**Problem to solve:** With pictures left out, please repeat word for word the lines from the one containing "BERMUDA DENIM SHORT" through the end of the records.

>>>

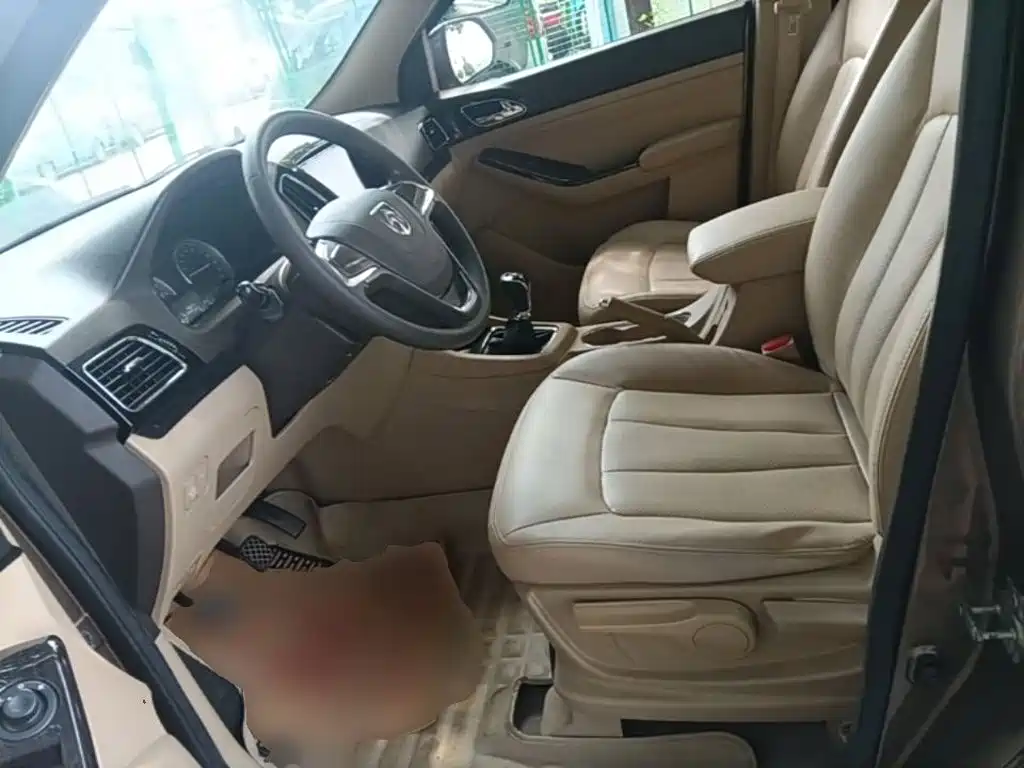 Baojun 730 2015 2015 1.8L Manual Comfort ESP Edition 7-seater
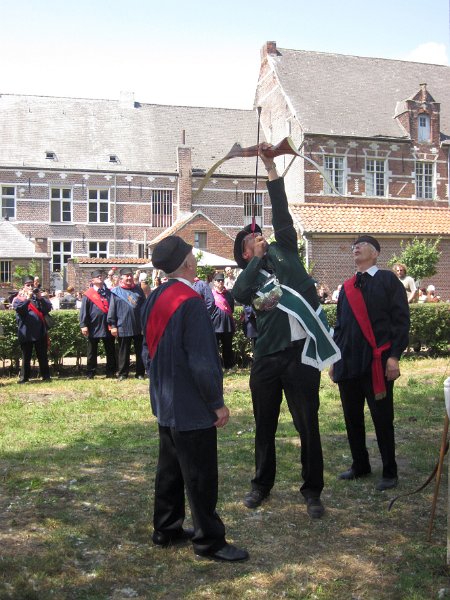 koningsschieting_2011_40.jpg - ereschot door de hoofdman van de  sint antonius abt gilde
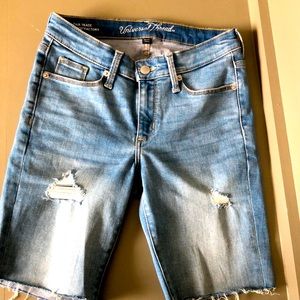 BERMUDA DENIM SHORT
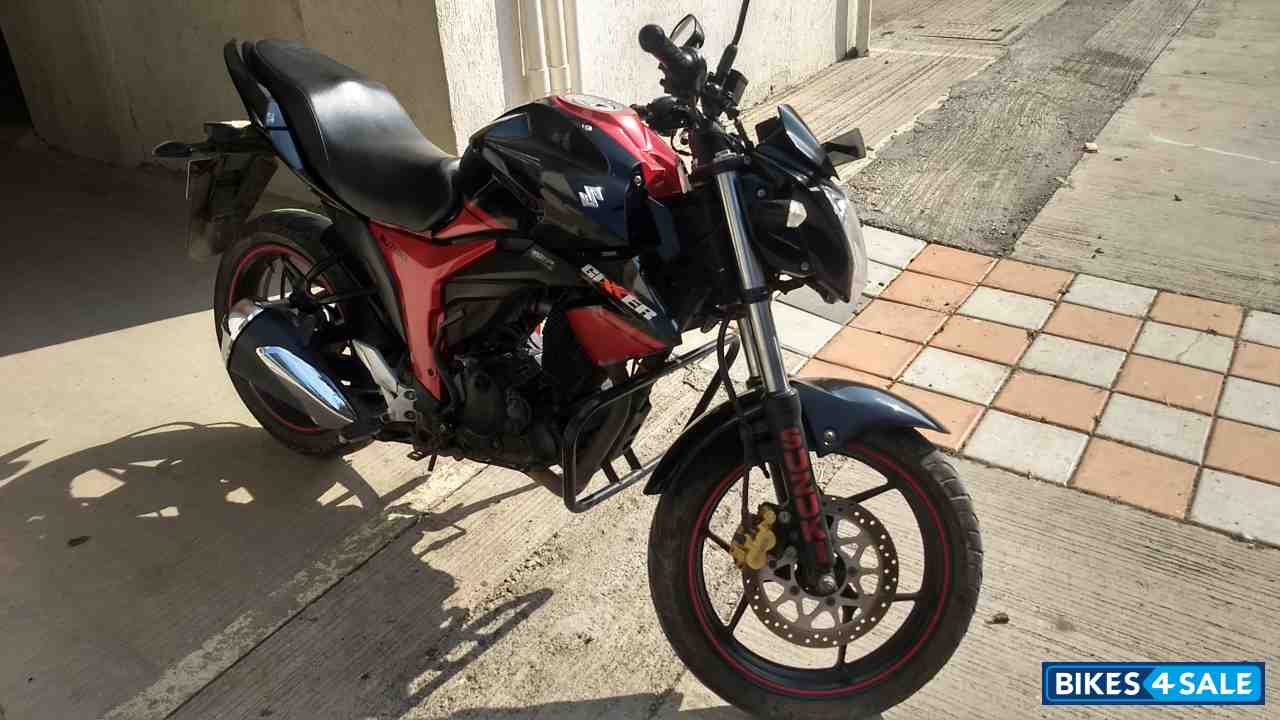 Black Red Suzuki Gixxer 150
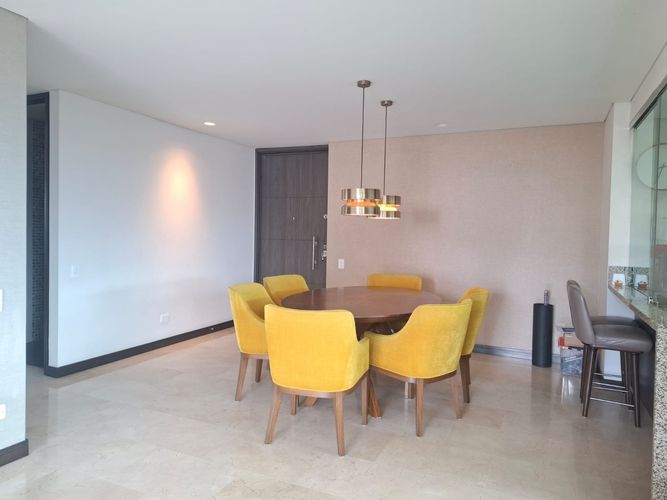 Apartamento de 3 alcobas en venta en Santa María De Los Ángeles, Medellín, 150 m² · foto 3 de 18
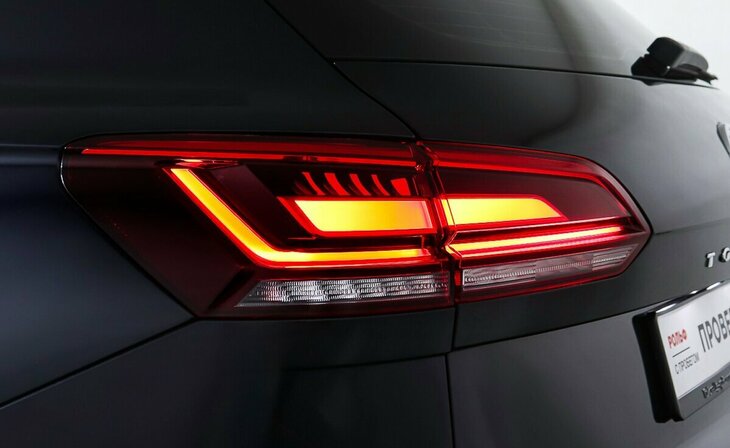 Volkswagen Touareg - Фото 6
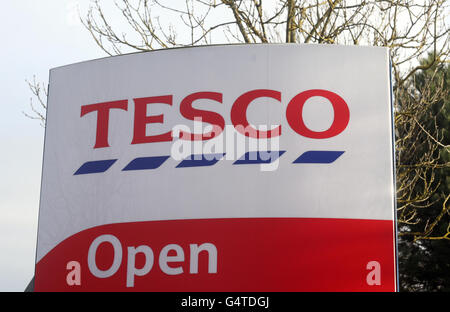 Il superstore Tesco di Henley-on-Thames, Oxfordshire, dove lo chef Antony Worrall Thompson è stato arrestato venerdì scorso per il sollevamento di negozi. Foto Stock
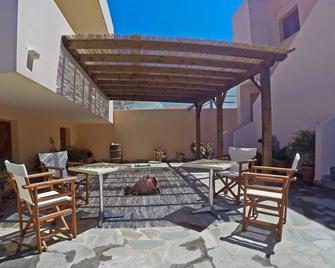 Tarsanas Apartments - Kokkari - Binnenhof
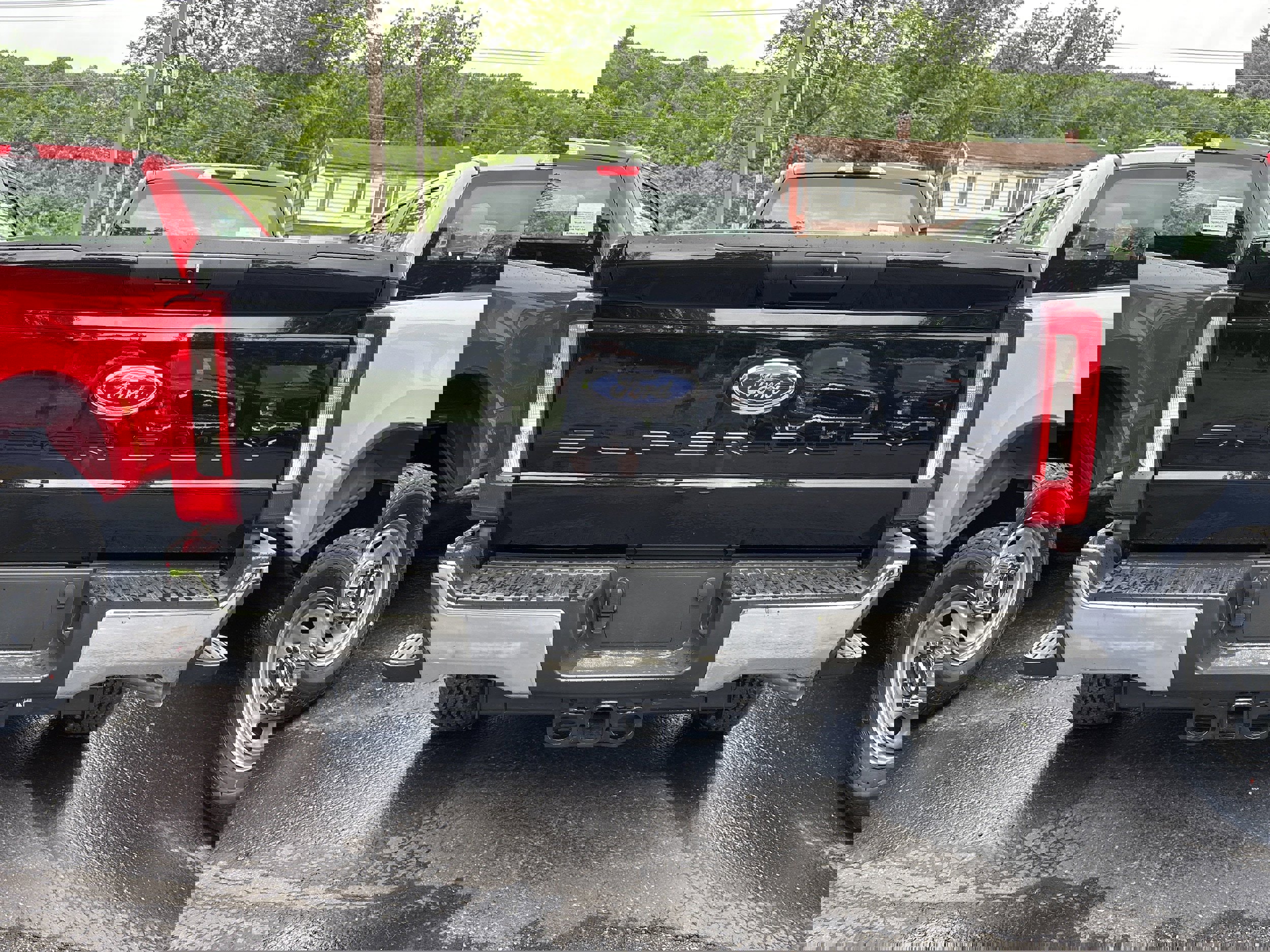 New 2025 Ford F350 XL w/ XL Chrome Package image 4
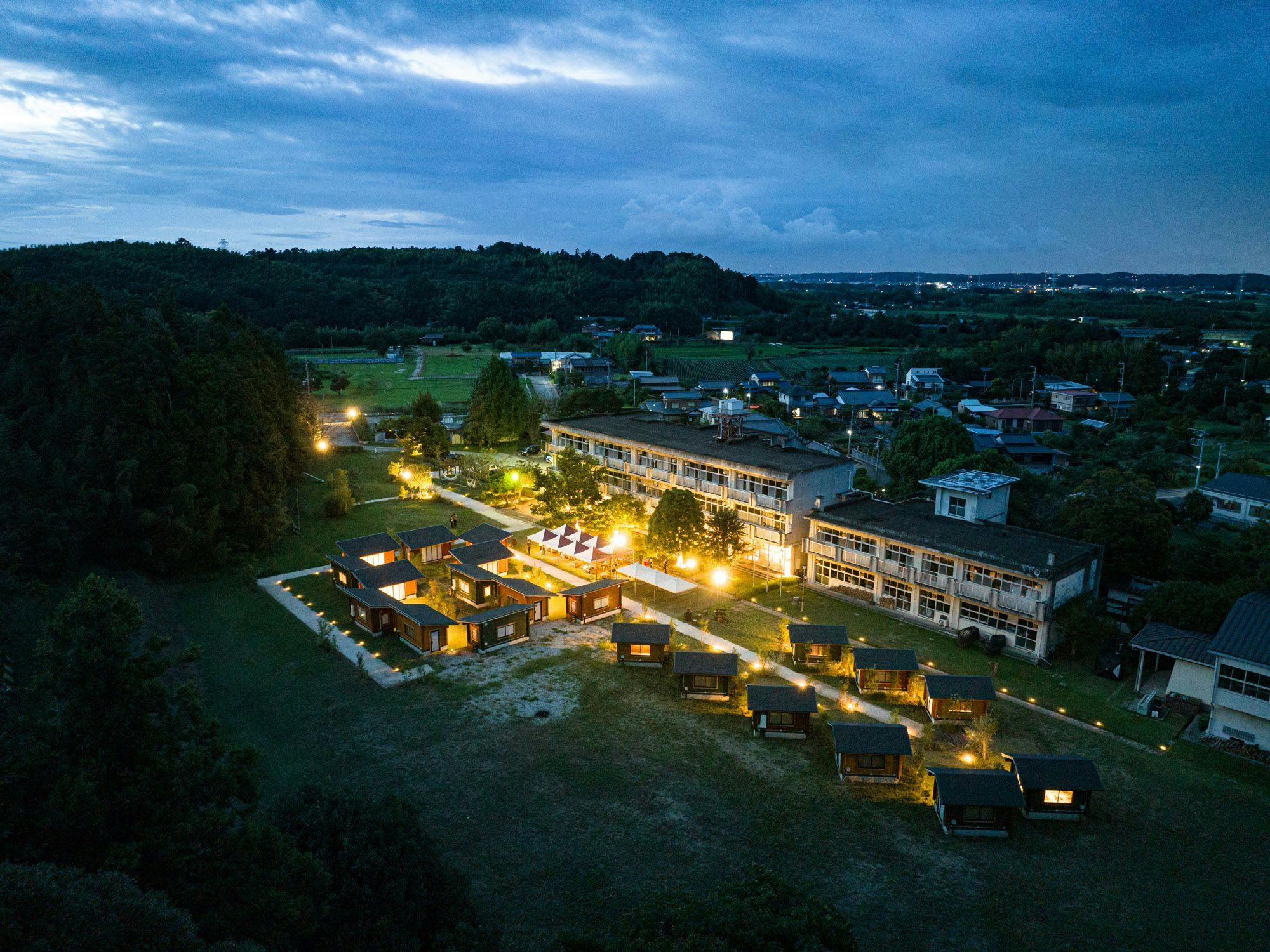 Outdoor Resort 'ETOWA KISARAZU' Surrounded by Nostalgia and Trees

<<<

**Solution to this problem:**
 BERMUDA DENIM SHORT
 Black Red Suzuki Gixxer 150
 Apartamento de 3 alcobas en venta en Santa María De Los Ángeles, Medellín, 150 m² · foto 3 de 18
 Volkswagen Touareg - Фото 6
 Il superstore Tesco di Henley-on-Thames, Oxfordshire, dove lo chef Antony Worrall Thompson è stato arrestato venerdì scorso per il sollevamento di negozi. Foto Stock
 Tarsanas Apartments - Kokkari - Binnenhof
 New 2025 Ford F350 XL w/ XL Chrome Package image 4
 Outdoor Resort 'ETOWA KISARAZU' Surrounded by Nostalgia and Trees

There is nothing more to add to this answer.